INSTRUCTIONS TO FOLLOW: Reproduce precisely the lines of the listing below, starting with the line that contains "RARE PAIR OF NATURAL DIAMOND CUBES 1,60 CT" and stopping after the line that contains "Coach Handbag - Picture 3 of 6"; include nothing else.

RECORDS FOR THIS EXERCISE:

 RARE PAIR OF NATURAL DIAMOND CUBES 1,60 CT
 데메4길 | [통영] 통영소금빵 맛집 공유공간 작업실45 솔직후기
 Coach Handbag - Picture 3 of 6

* * *

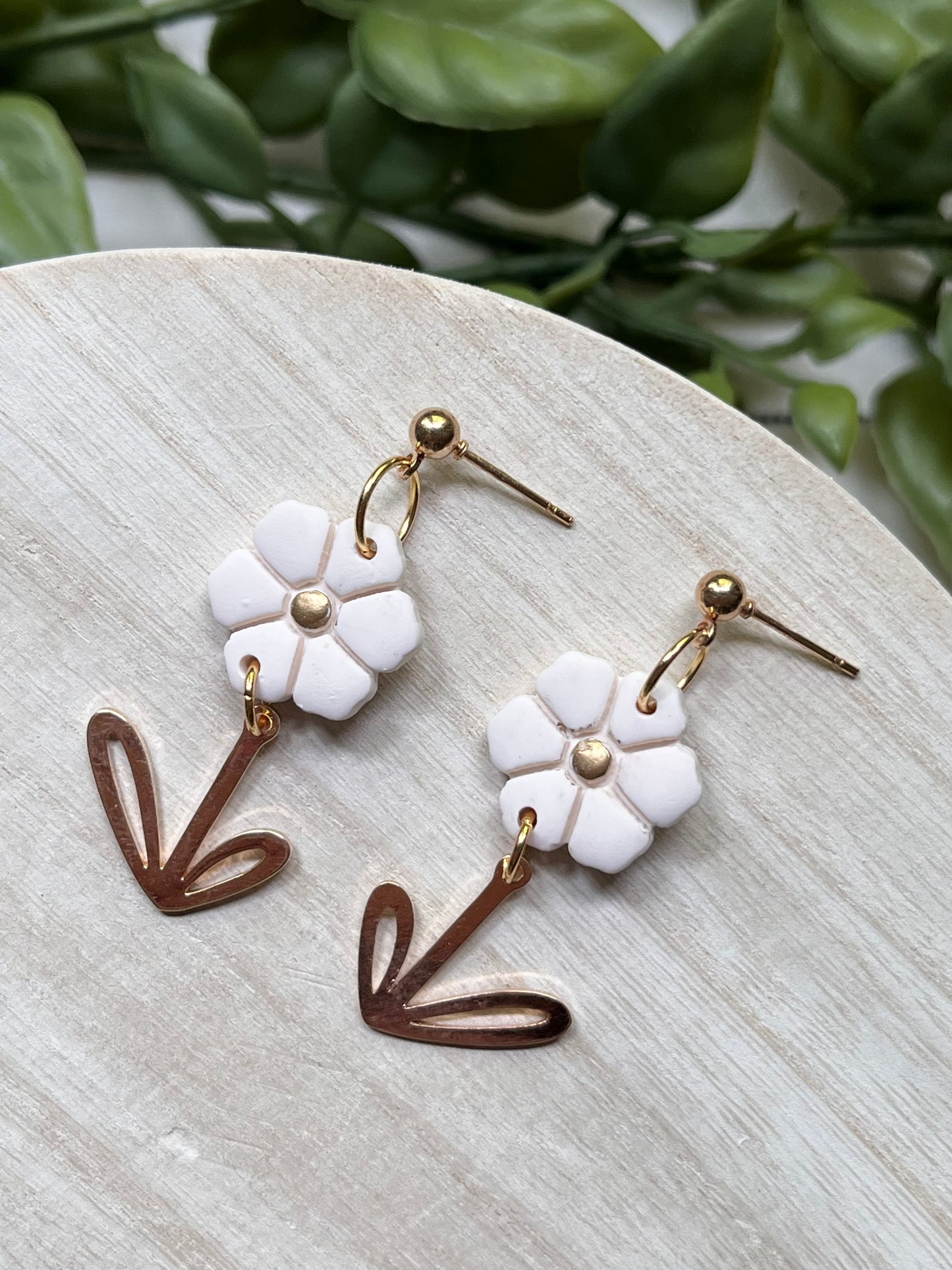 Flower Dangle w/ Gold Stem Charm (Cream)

* * *

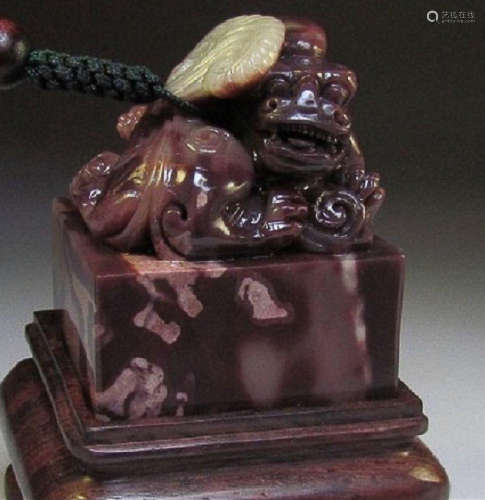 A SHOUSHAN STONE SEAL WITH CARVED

SOLUTION:
 RARE PAIR OF NATURAL DIAMOND CUBES 1,60 CT
 데메4길 | [통영] 통영소금빵 맛집 공유공간 작업실45 솔직후기
 Coach Handbag - Picture 3 of 6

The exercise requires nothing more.